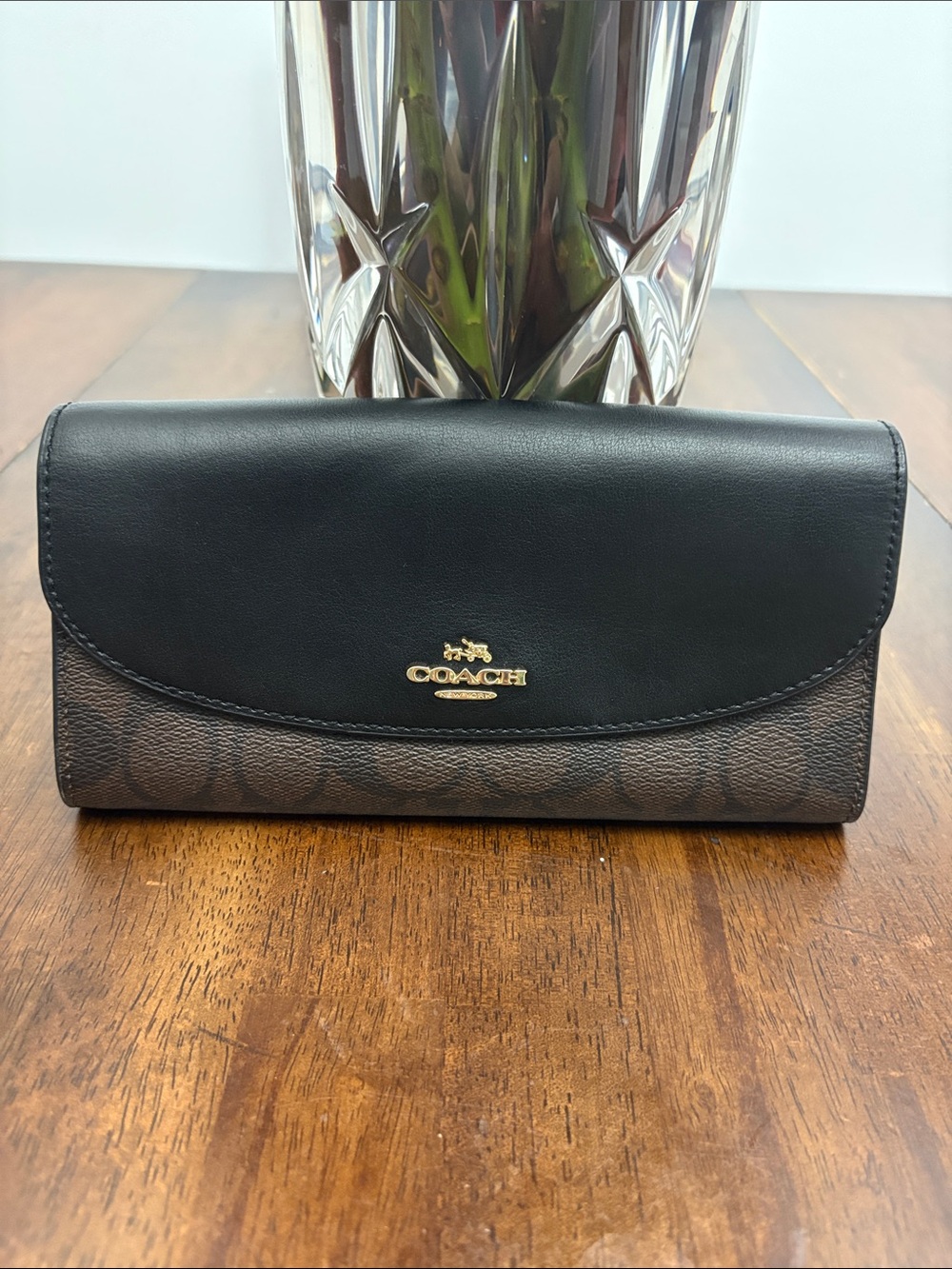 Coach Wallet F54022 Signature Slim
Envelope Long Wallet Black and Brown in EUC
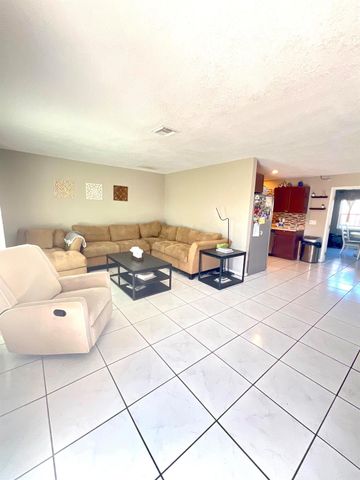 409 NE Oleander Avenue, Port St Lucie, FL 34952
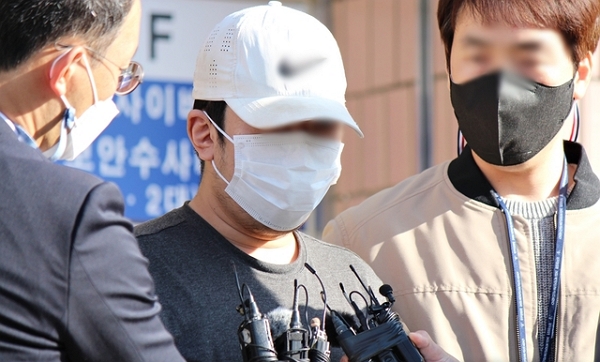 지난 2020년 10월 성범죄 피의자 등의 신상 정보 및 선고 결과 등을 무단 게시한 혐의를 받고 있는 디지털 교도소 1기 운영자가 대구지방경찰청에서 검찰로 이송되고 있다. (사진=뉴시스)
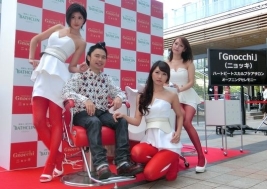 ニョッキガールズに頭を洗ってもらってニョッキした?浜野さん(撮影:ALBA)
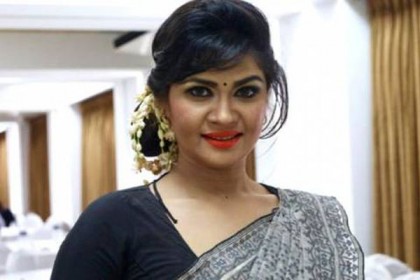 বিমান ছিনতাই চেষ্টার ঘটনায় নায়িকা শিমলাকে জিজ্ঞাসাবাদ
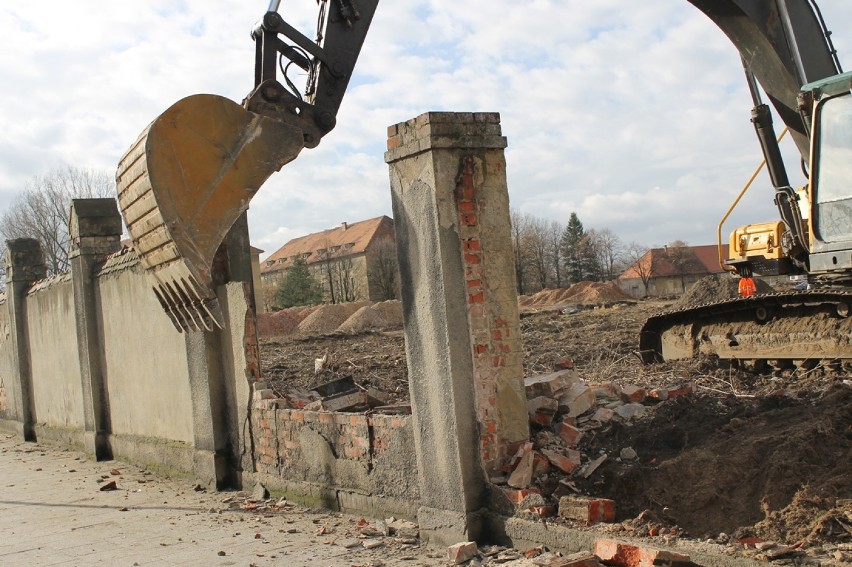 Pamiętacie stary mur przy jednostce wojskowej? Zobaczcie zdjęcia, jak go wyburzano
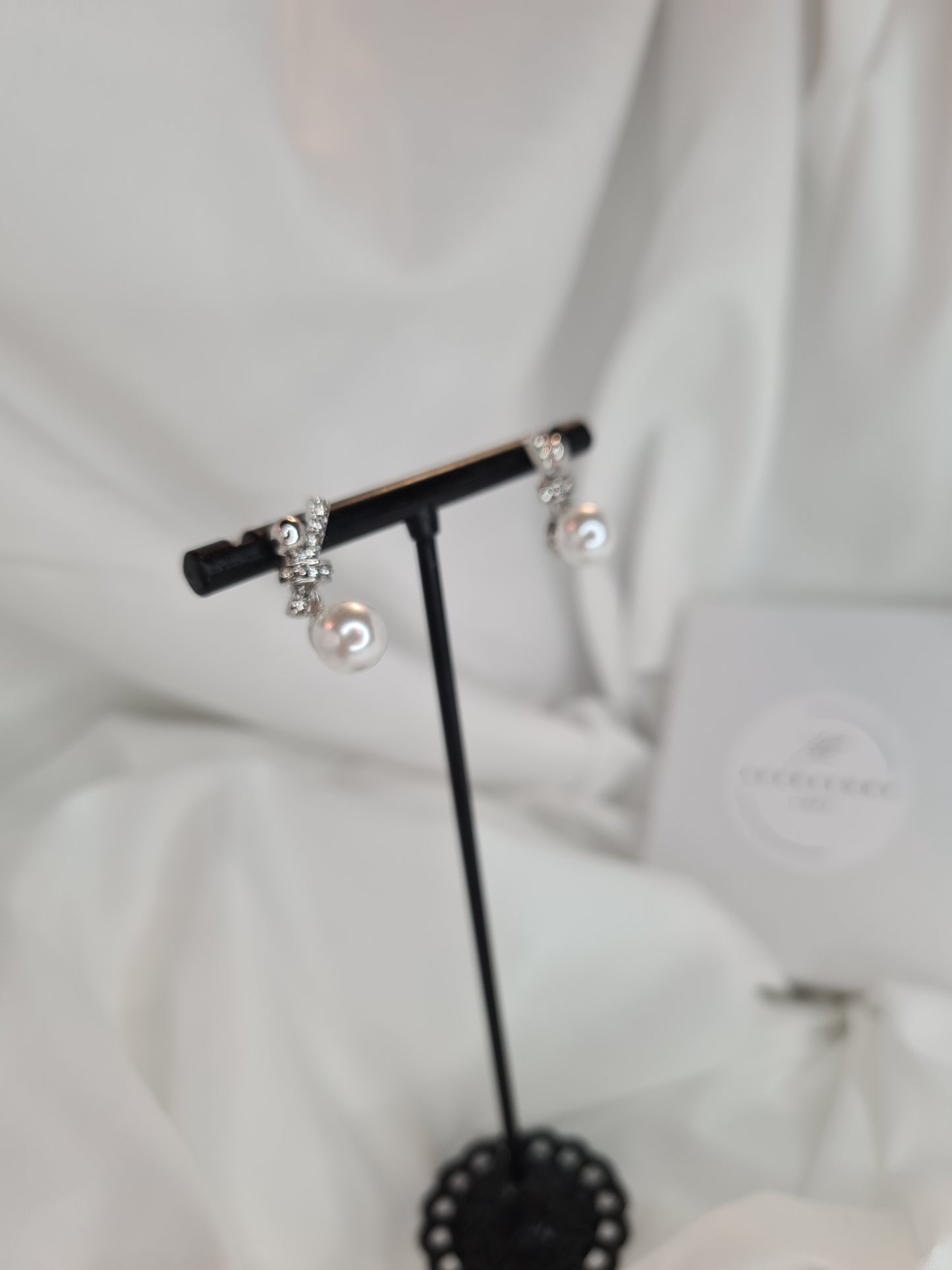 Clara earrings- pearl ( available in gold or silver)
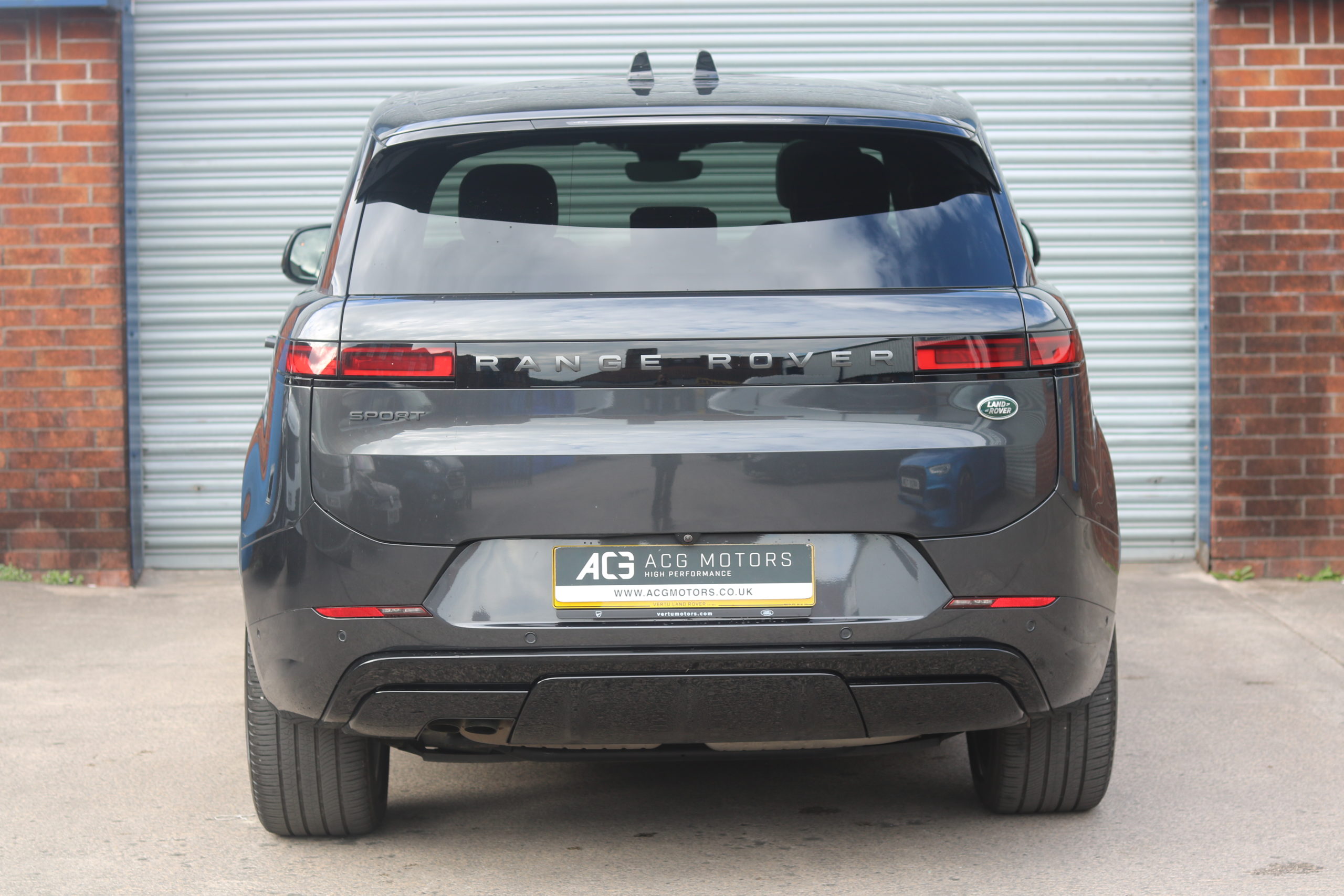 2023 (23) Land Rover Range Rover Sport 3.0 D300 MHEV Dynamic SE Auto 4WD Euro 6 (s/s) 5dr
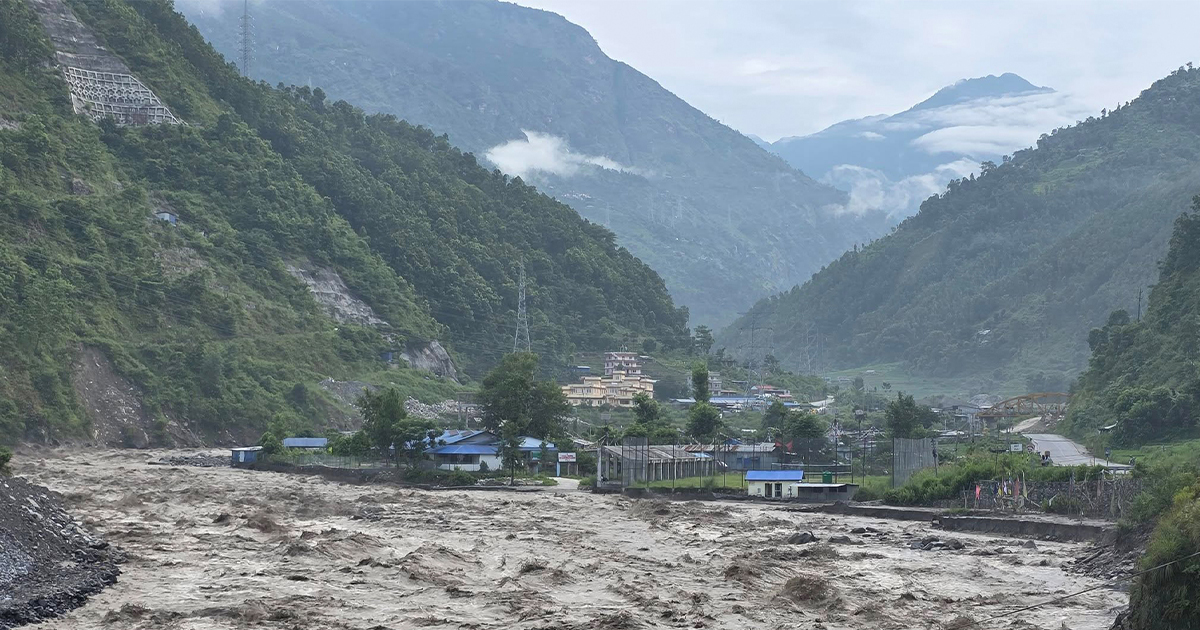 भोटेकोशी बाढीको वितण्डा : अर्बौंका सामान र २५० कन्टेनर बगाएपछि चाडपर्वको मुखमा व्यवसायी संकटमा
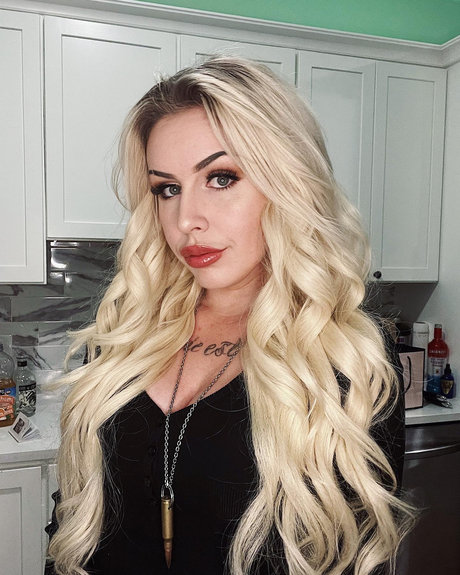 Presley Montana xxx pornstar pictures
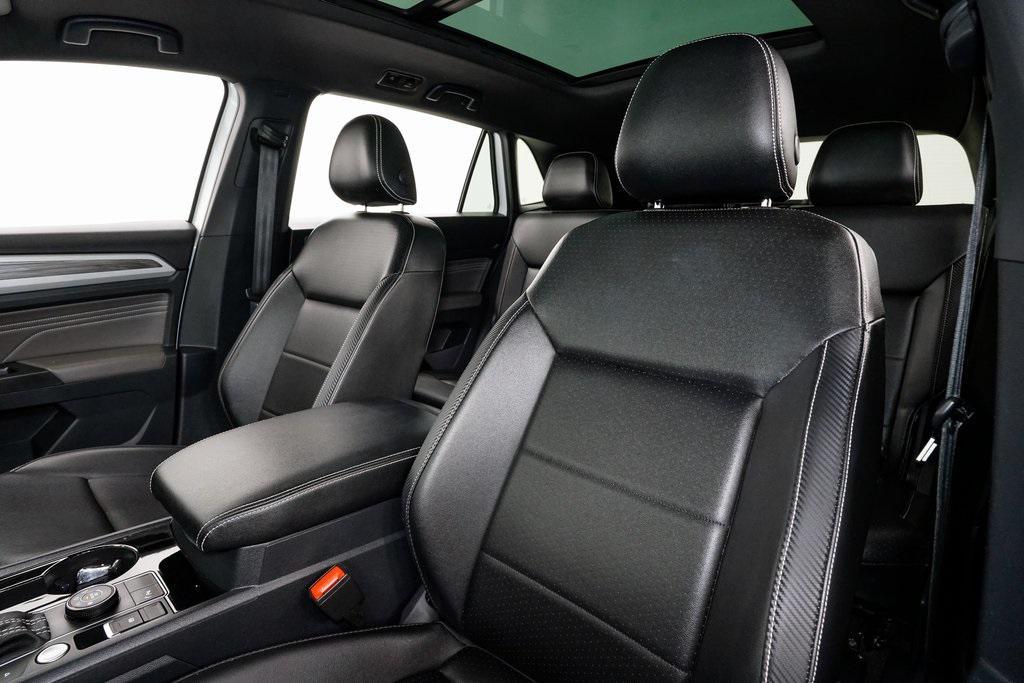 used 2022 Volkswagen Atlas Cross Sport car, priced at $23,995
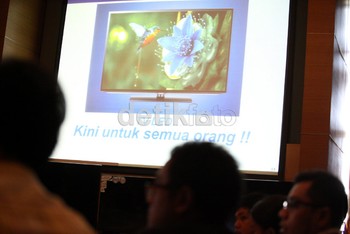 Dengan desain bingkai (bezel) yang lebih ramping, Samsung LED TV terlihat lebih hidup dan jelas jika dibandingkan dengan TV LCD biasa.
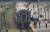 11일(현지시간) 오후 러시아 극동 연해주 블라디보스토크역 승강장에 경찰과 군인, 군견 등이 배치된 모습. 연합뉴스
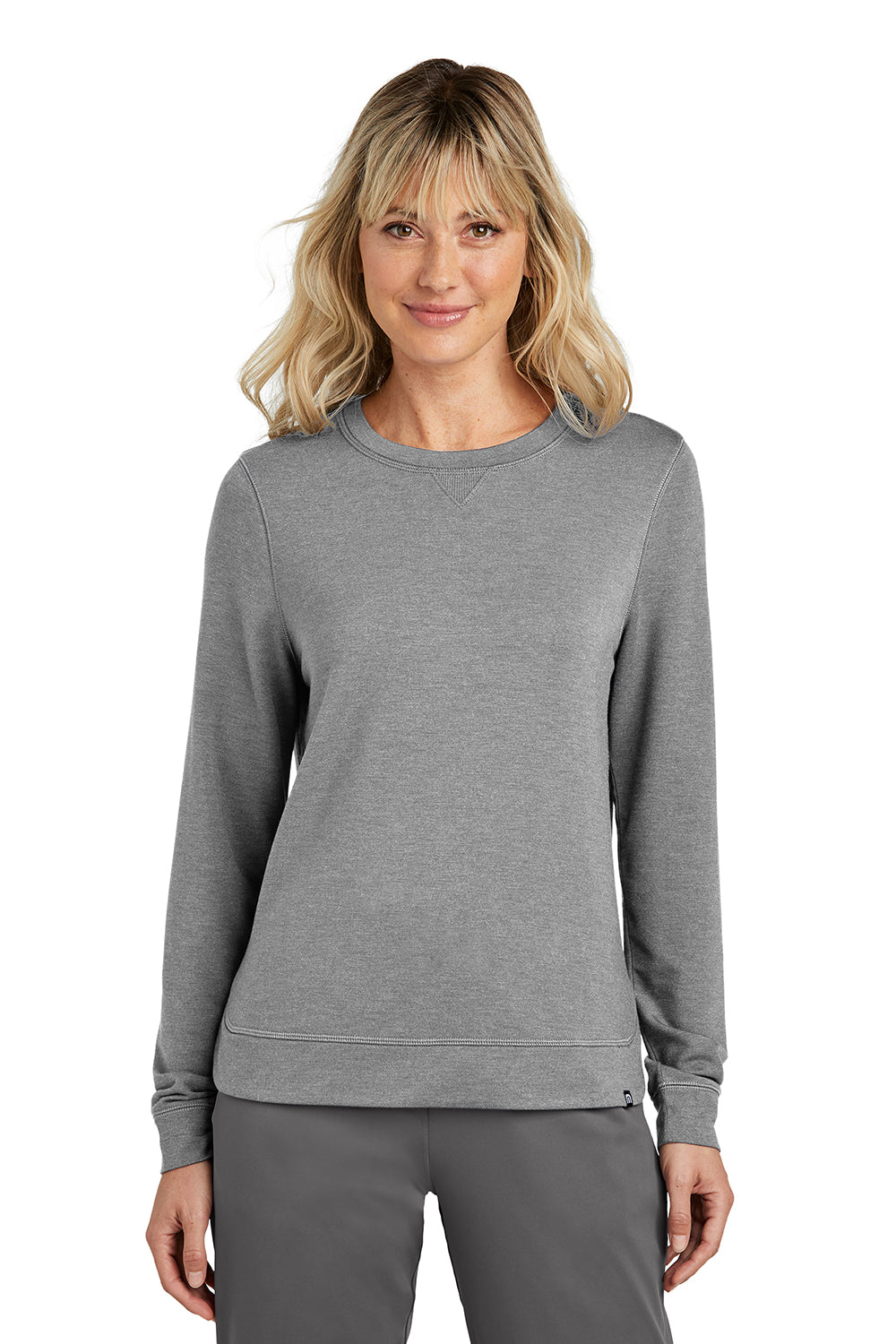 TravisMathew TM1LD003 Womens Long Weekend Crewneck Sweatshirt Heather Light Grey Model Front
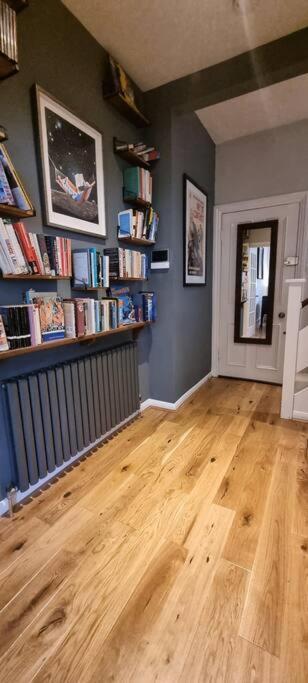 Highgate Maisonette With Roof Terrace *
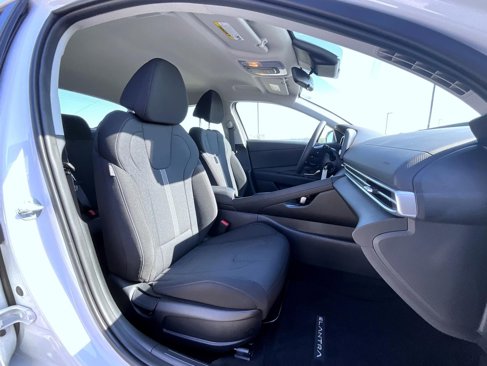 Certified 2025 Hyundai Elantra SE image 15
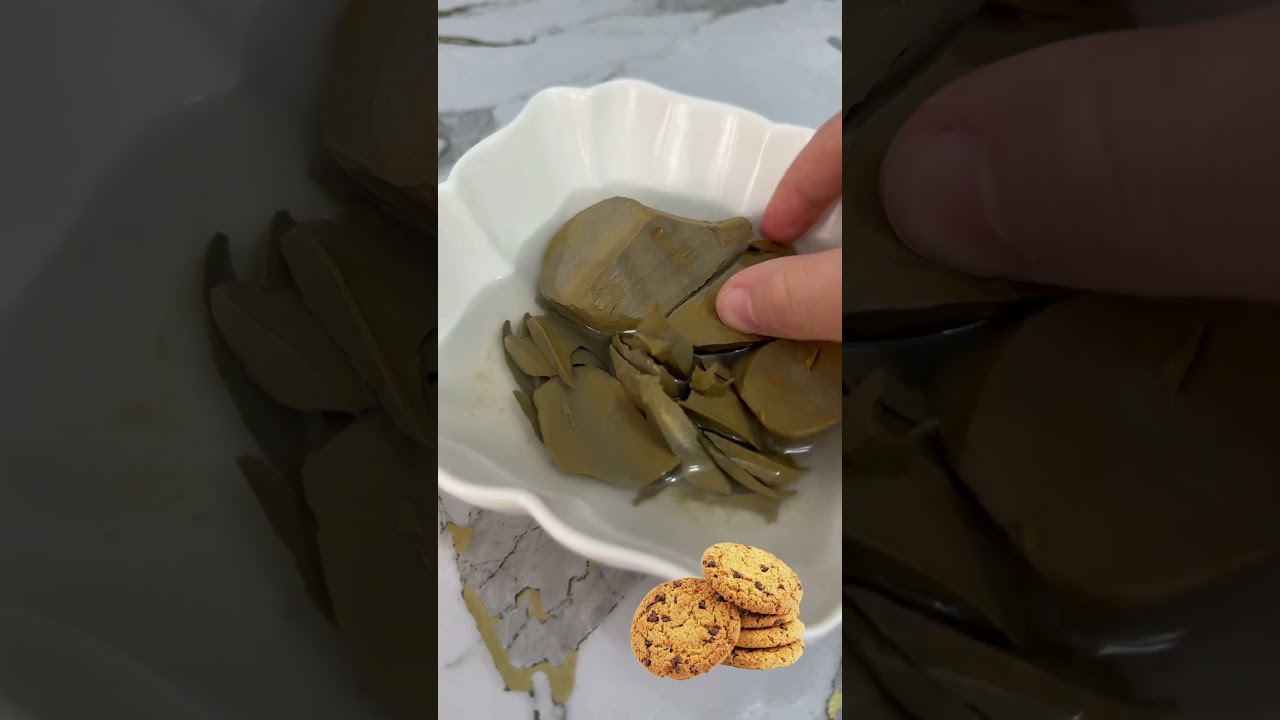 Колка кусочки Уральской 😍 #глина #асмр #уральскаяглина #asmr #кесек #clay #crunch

**What is needed:** Omit every picture while transcribing the records above exactly.

**Answer space:**
 Coach Wallet F54022 Signature Slim
Envelope Long Wallet Black and Brown in EUC
 409 NE Oleander Avenue, Port St Lucie, FL 34952
 지난 2020년 10월 성범죄 피의자 등의 신상 정보 및 선고 결과 등을 무단 게시한 혐의를 받고 있는 디지털 교도소 1기 운영자가 대구지방경찰청에서 검찰로 이송되고 있다. (사진=뉴시스)
 ニョッキガールズに頭を洗ってもらってニョッキした?浜野さん(撮影:ALBA)
 বিমান ছিনতাই চেষ্টার ঘটনায় নায়িকা শিমলাকে জিজ্ঞাসাবাদ
 Pamiętacie stary mur przy jednostce wojskowej? Zobaczcie zdjęcia, jak go wyburzano
 Clara earrings- pearl ( available in gold or silver)
 2023 (23) Land Rover Range Rover Sport 3.0 D300 MHEV Dynamic SE Auto 4WD Euro 6 (s/s) 5dr
 भोटेकोशी बाढीको वितण्डा : अर्बौंका सामान र २५० कन्टेनर बगाएपछि चाडपर्वको मुखमा व्यवसायी संकटमा
 Presley Montana xxx pornstar pictures
 used 2022 Volkswagen Atlas Cross Sport car, priced at $23,995
 Dengan desain bingkai (bezel) yang lebih ramping, Samsung LED TV terlihat lebih hidup dan jelas jika dibandingkan dengan TV LCD biasa.
 11일(현지시간) 오후 러시아 극동 연해주 블라디보스토크역 승강장에 경찰과 군인, 군견 등이 배치된 모습. 연합뉴스
 TravisMathew TM1LD003 Womens Long Weekend Crewneck Sweatshirt Heather Light Grey Model Front
 Highgate Maisonette With Roof Terrace *
 Certified 2025 Hyundai Elantra SE image 15
 Колка кусочки Уральской 😍 #глина #асмр #уральскаяглина #asmr #кесек #clay #crunch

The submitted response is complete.